In terms of other realities, death was much more common in every day life before the Industrial Revolution. Because of the Industrial Revolution, the population more than doubled in London between 1750 and 1850. Before this period, population growth was relatively stable. The Industrial Revolution helped to provide more food and shelter for the masses, while also cutting down on disease, which is part of why the population exploded. Yet before this period of time, people died all the time from things like the common cold, and surviving childhood was a major accomplishment. For example, in London, between between the 16th and 18th centuries, 30% of children died before they reached the age 15. Many women also died in childbirth because midwives did not know to wash their hands, so the poor mother often got infected.

In short, it is not surprising that folk tales were rife with more carnal and morbid details. Death and reproduction were realities that the common adult and child witnessed day to day.

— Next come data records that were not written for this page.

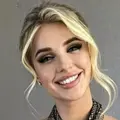 Я Виктория, 28, знакомлюсь для общения в Лобне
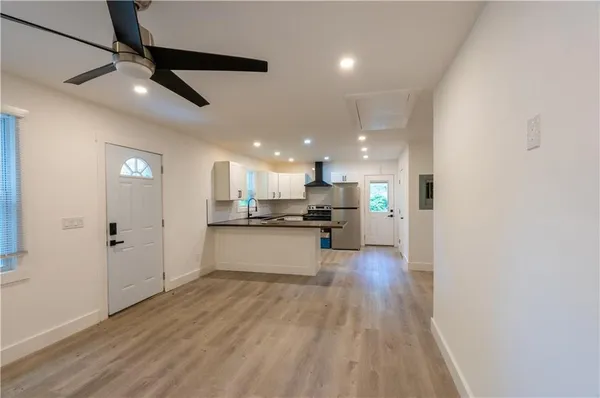 $1,299 | 3822 Bakers Ferry Road Southwest, Unit B, Atlanta, GA 30331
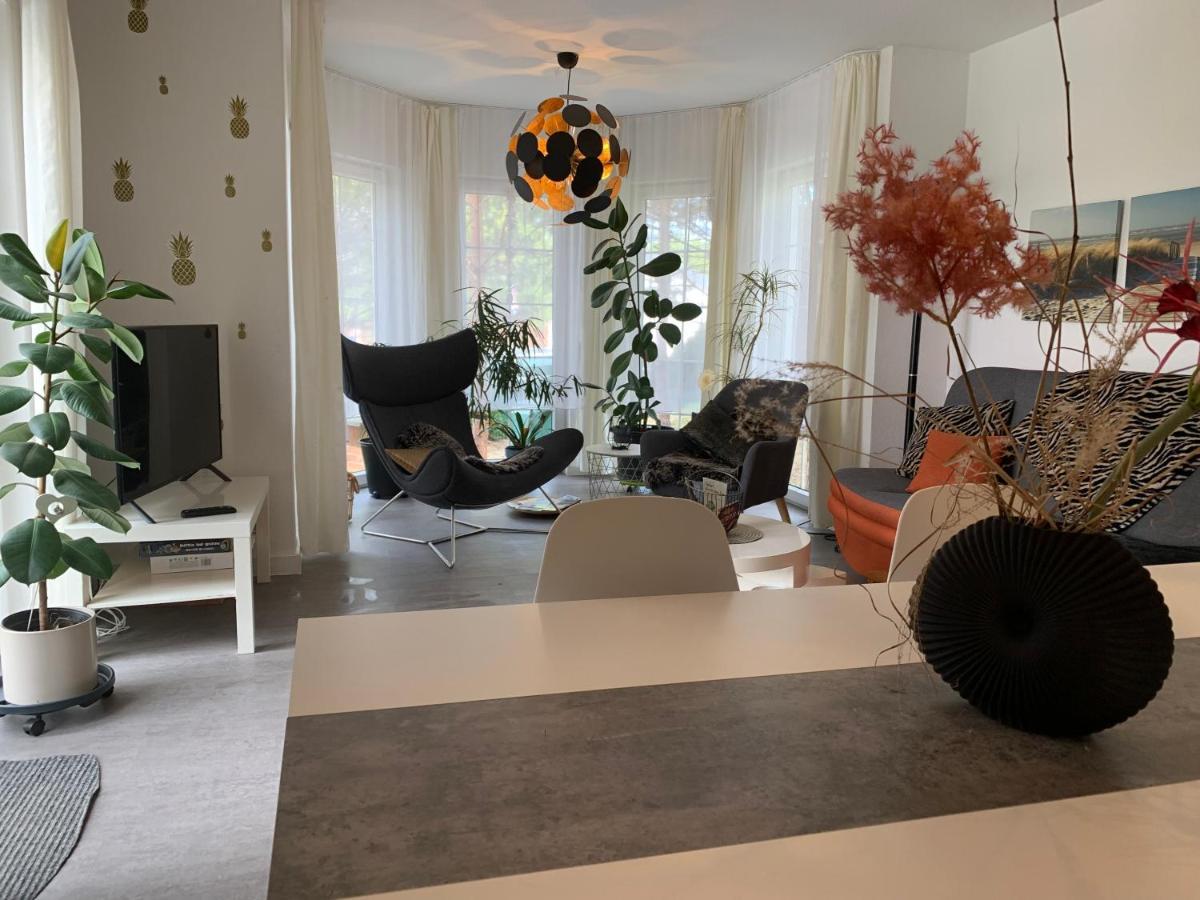 Pool & Lake Holiday Home Markkleeberg Esterno foto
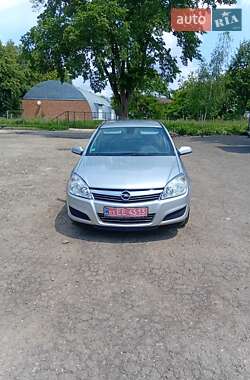 Хэтчбек Opel Astra 2008 в 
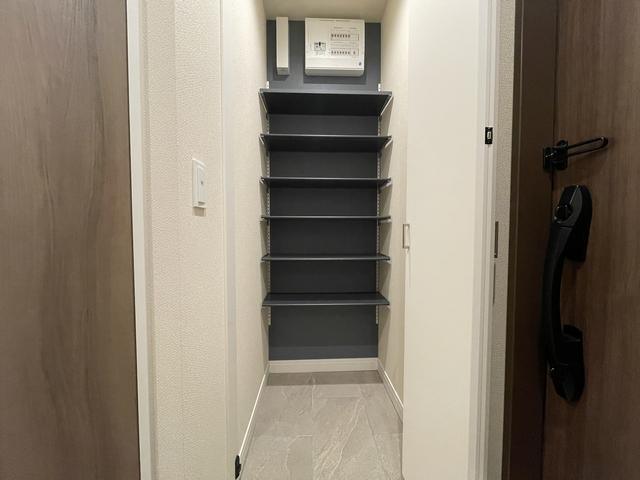 ����17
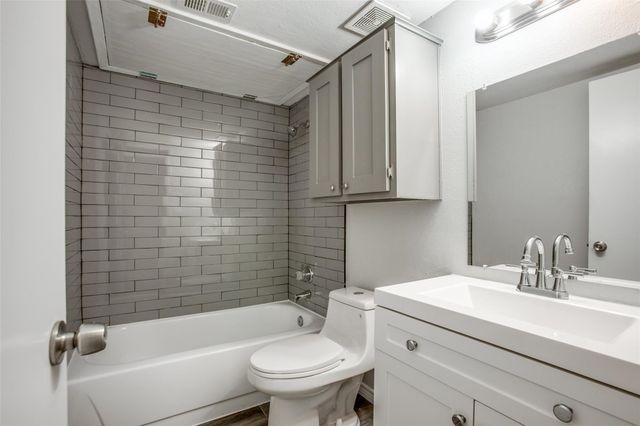 1935 Cranford Drive 202, Garland, TX 75041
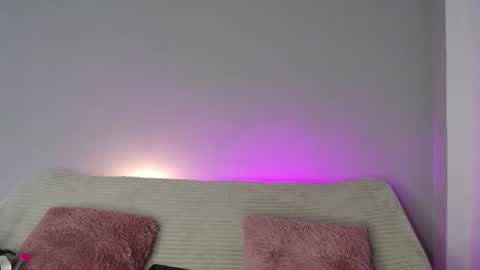   online show from 17, 6, 2026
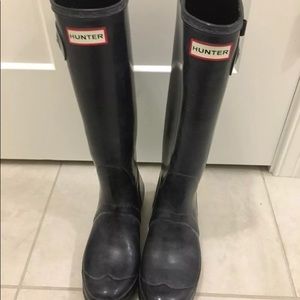 Authentic hunter boots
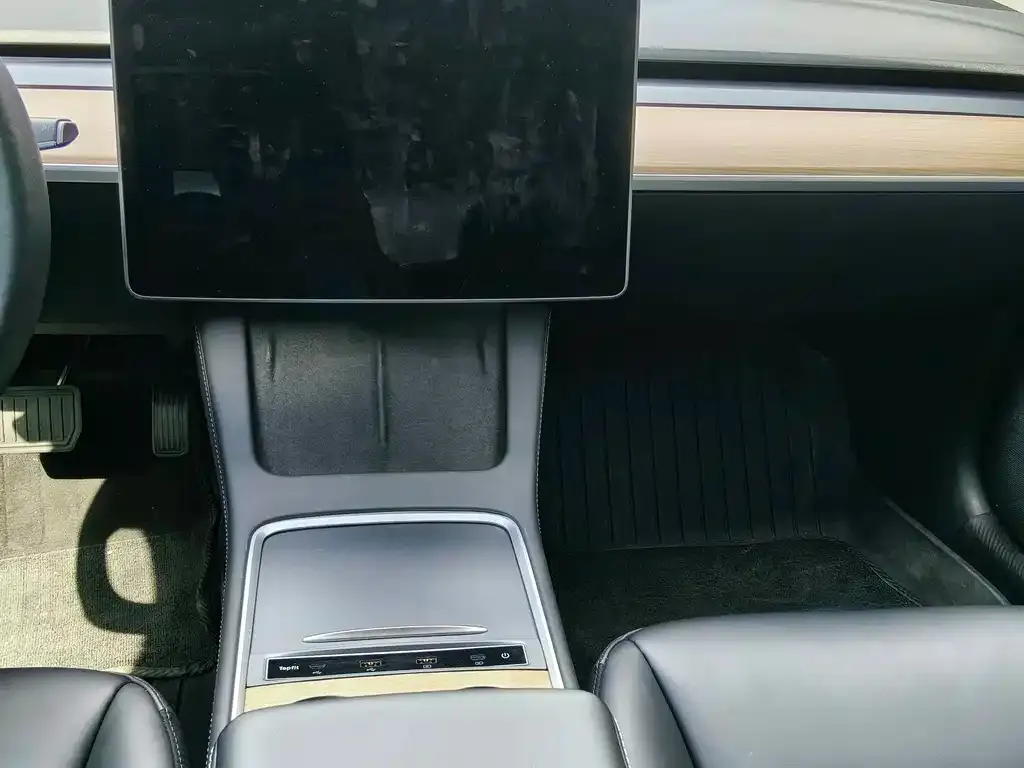 Tesla Model 3 — фото 10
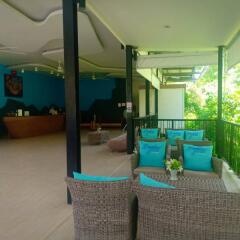 Отель Bay View Resort - Phi Phi Island фото 8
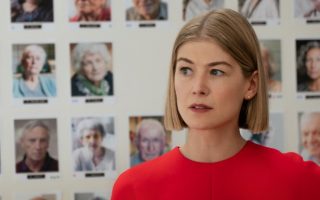 Rosamund Pike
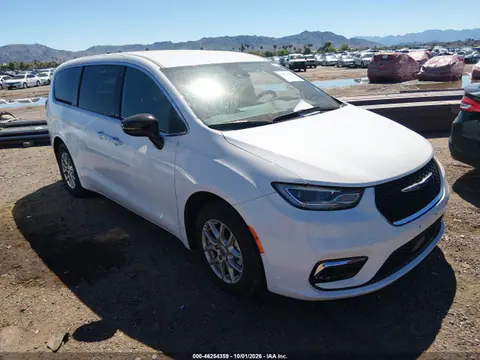 2C4RC1BG8SR520499 — 2025 Chrysler Pacifica Select, Front end (Front End), before-repair photos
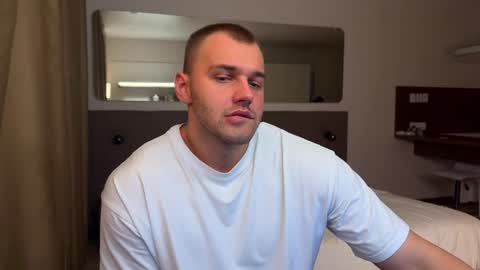 Snapshot of tasty_justin chatting on 16, 9, 2025 My shows 2100500 UTC3 online show from 16, 9, 2025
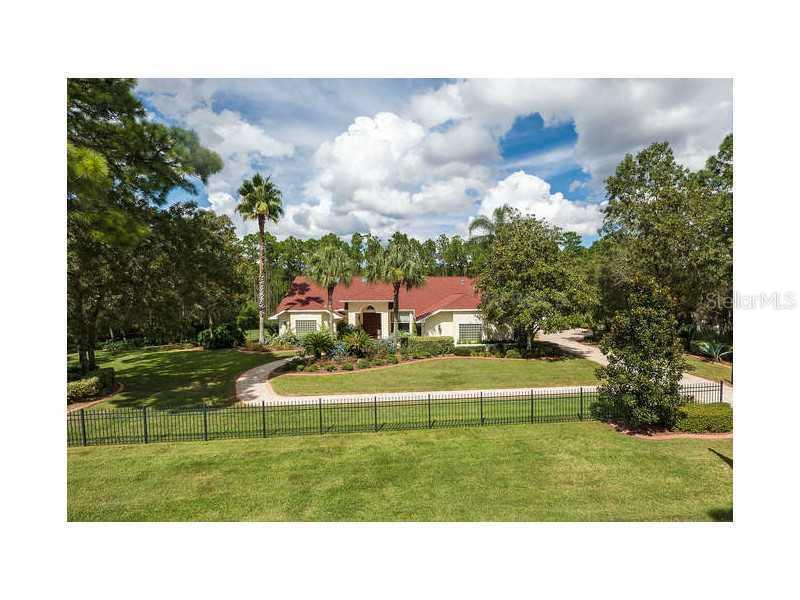 10281 Woodland Waters Blvd, Weeki Wachee, FL 34613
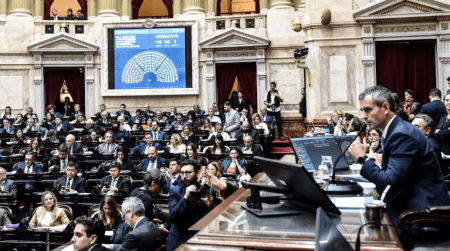 Debates intensos en el Congreso entre oficialismo y oposición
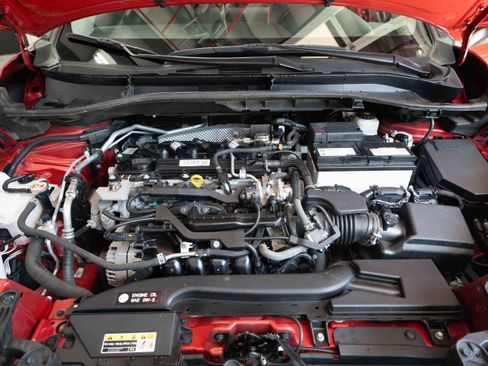 Used 2024 Toyota Corolla Cross XLE FWD image 31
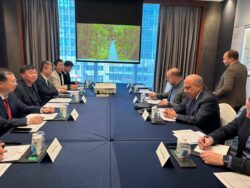 وزير الكهرباء يبحث مع مجموعة شركات صاني الصينية التعاون في مجالات الطاقة المتجددة.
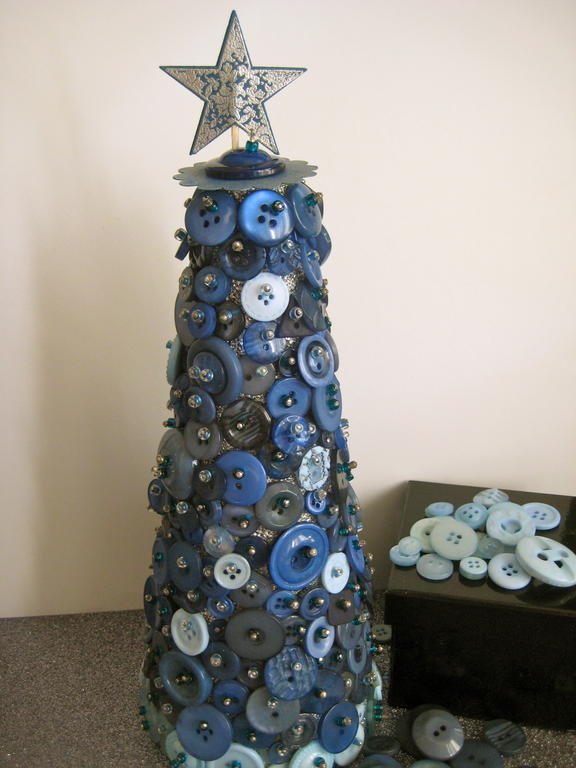 Here&#039;s a button tree I made for xmas gifts this year. <br />
<br />
I found the tutorial...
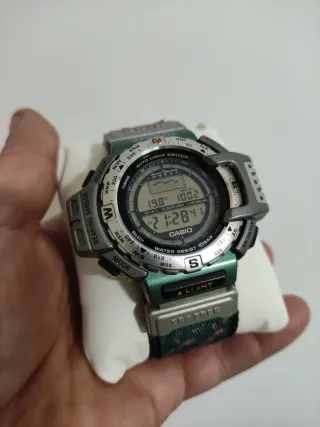Casio Protrek Reloj Verde/Plata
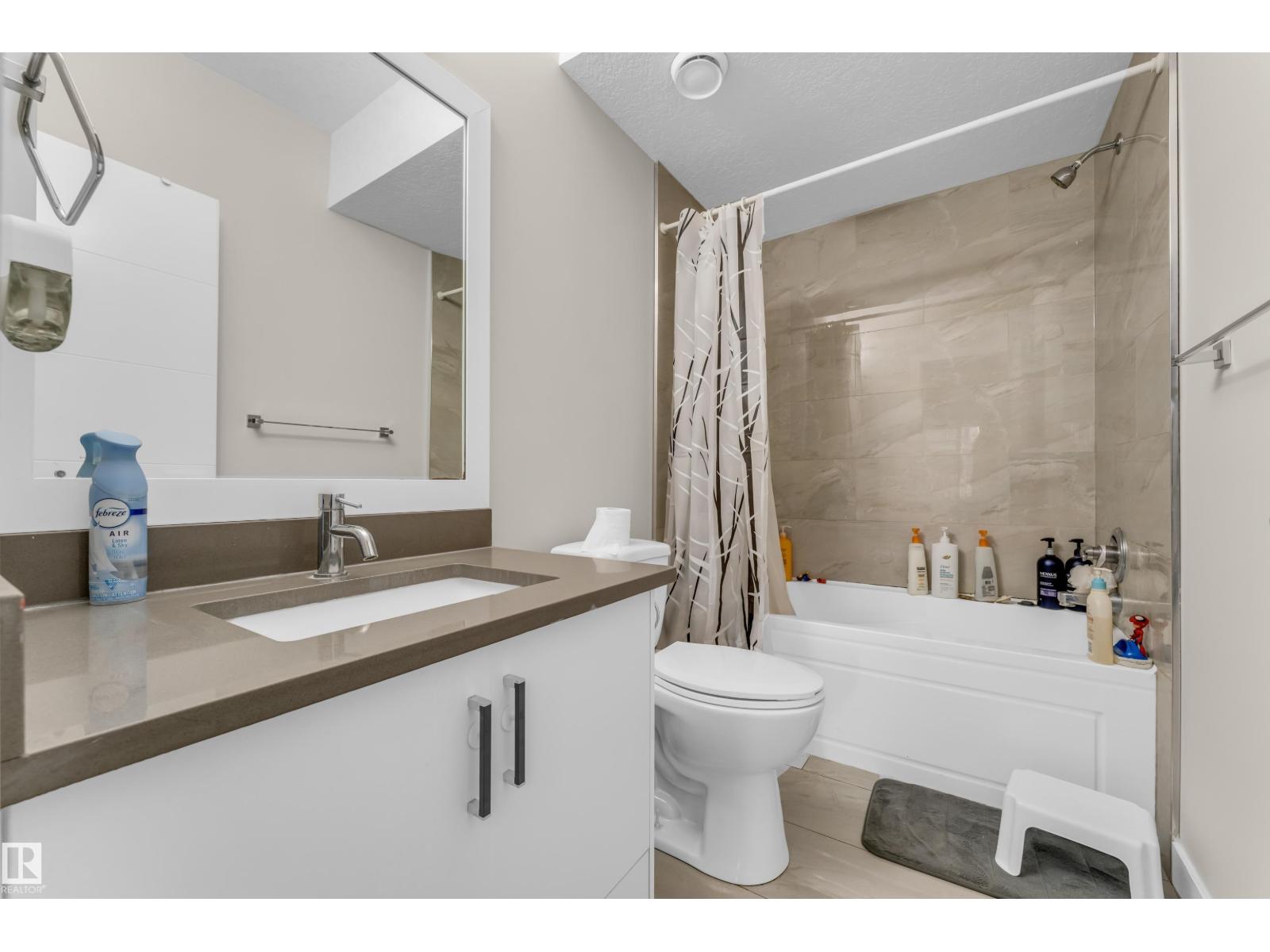 #32 1703 16 AV NW, Edmonton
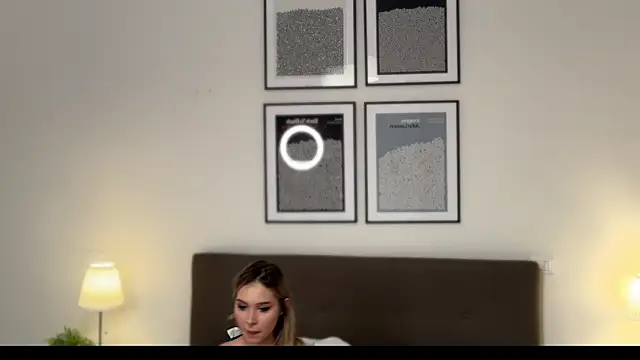 Tella dream online show from May 7, 1:58 pm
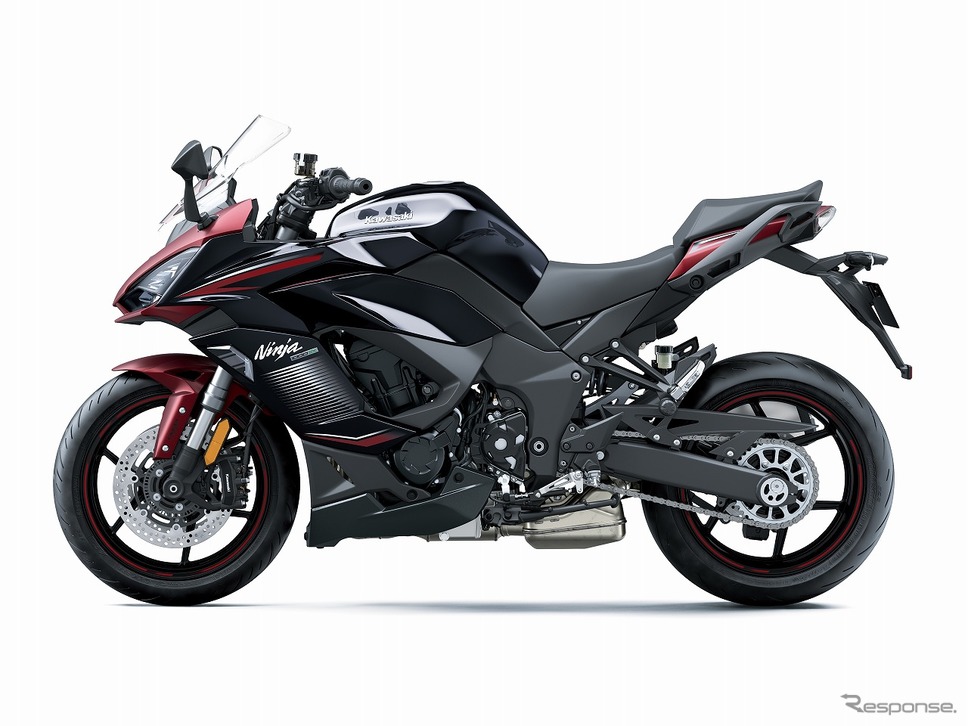 カワサキ Ninja 1000SX(メタリックマットソブリンレッド×メタリックディアブロブラック)《写真提供 カワサキモータースジャパン》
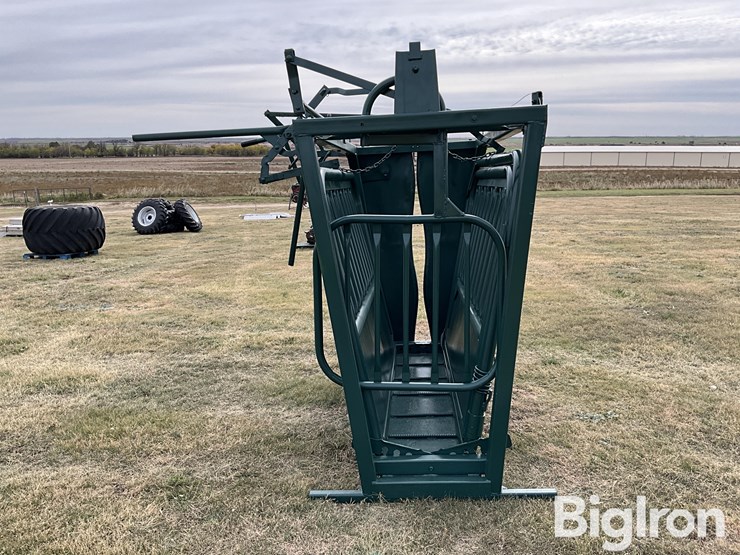 powder-river-livestock-squeeze-chute-image-6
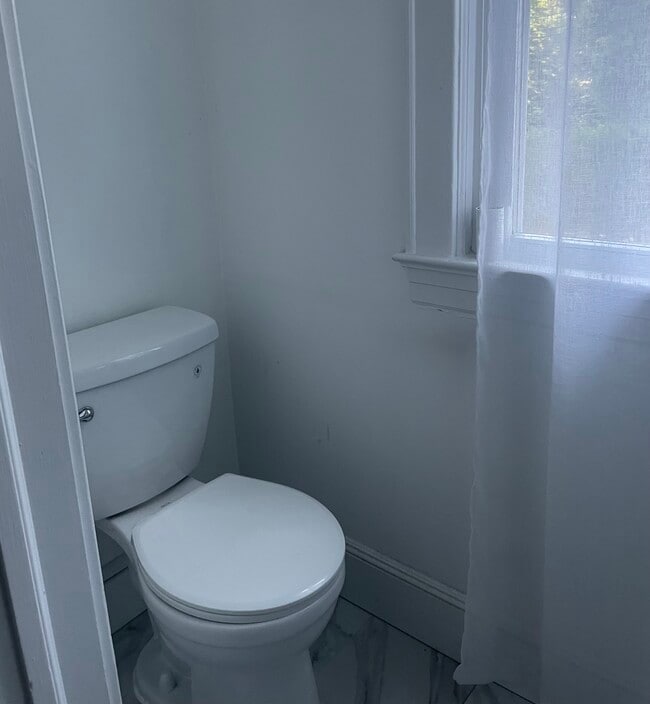 Main Level Toilet Bathroom - 38 Ferry Ln E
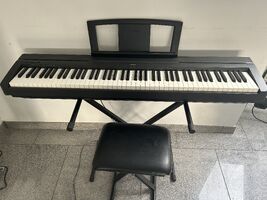 Vends Piano Yamaha p 35 - 300 €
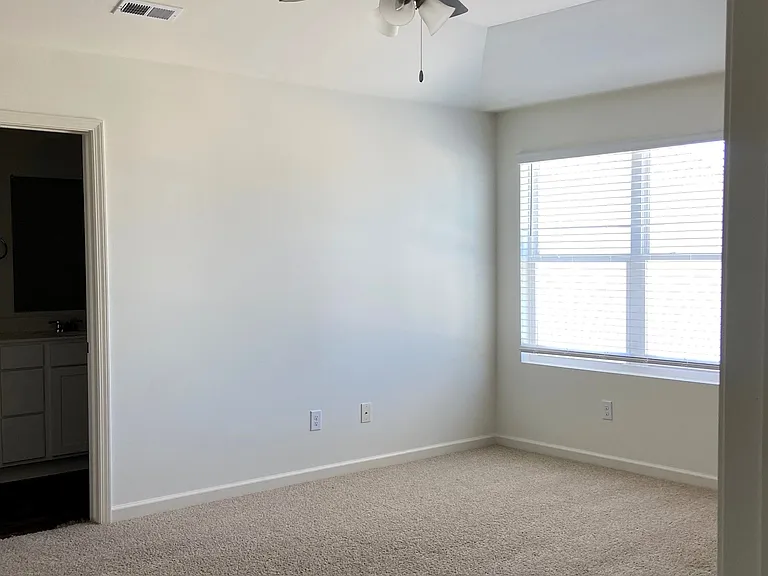 252 Chelsea Park Dr — Photo 18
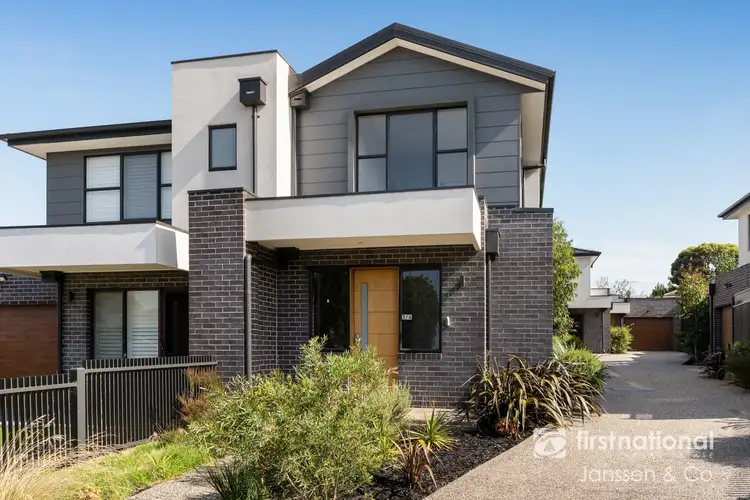 1/4 Albert Street, Oak Park VIC 3046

The common practice of shielding our children from violence and sexuality today is quite new – a Victorian innovation. Today we see this in the hysteria of parents trying to shield their children from violent video games or provocative music. Even seeing a woman’s breasts or a man’s genitals in a movie is met with outrage.

Should parents be more open with their kids about how the world really works? Perhaps such children would be less likely to get pregnant on accident, and be more prepared to face the cruel realities of the real world. Many middle class people today are sheltered, raised in a bubble where everyone gets a trophy or a fuzzy banana sticker for merely showing up, and raised to believe that the world is a nice neat place, while being totally clueless about realities such as the plight of poverty in the third world, the destruction of the environment, and the rapes and murders taking place daily in less stable countries.

Children are much wiser and made of stronger stuff than we give them credit. Perhaps it’s time we stop shielding them from the horrors of reality, and start raising them to be people who will approach and deal such adversity with courage, rather than raising cowards who won’t step an inch away from their comfort zone.